● **Data listing**:
====================
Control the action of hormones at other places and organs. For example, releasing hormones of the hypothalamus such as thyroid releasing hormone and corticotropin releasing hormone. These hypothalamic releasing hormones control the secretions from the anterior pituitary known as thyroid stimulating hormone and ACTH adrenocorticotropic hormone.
====================
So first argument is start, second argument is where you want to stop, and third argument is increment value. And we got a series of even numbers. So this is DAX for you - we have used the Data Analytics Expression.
====================
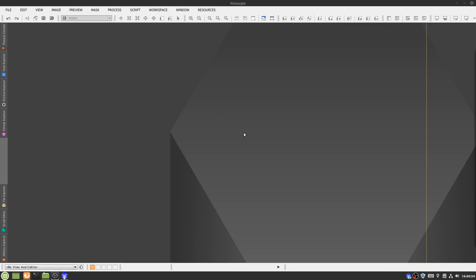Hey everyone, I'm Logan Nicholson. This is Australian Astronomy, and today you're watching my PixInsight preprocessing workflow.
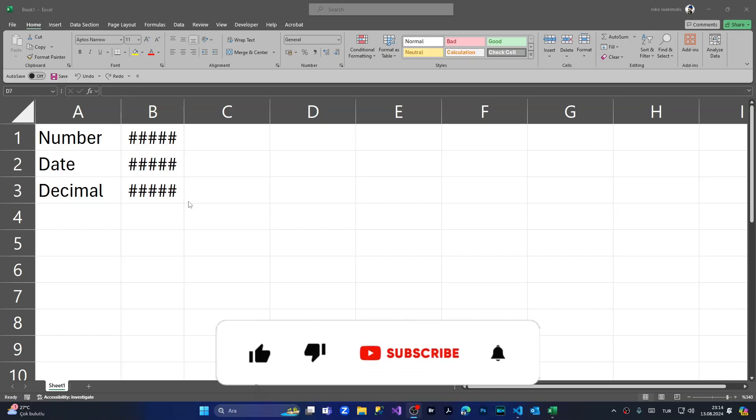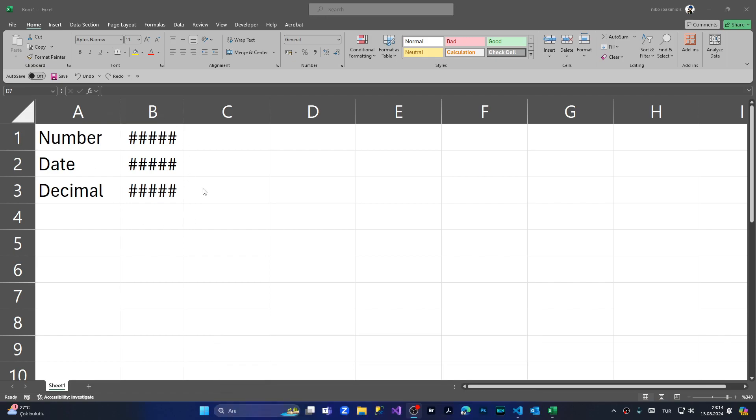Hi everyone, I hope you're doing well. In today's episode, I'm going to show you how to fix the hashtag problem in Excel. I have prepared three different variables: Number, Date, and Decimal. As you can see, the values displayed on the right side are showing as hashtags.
====================
● **Exercise prompt**: What is wanted is an exact copy of the lines above from the one containing "Hey everyone, I'm" through the one containing "Hi everyone, I", with no pictures in it.

● **Problem solution**:
Hey everyone, I'm Logan Nicholson. This is Australian Astronomy, and today you're watching my PixInsight preprocessing workflow.
Hi everyone, I hope you're doing well. In today's episode, I'm going to show you how to fix the hashtag problem in Excel. I have prepared three different variables: Number, Date, and Decimal. As you can see, the values displayed on the right side are showing as hashtags.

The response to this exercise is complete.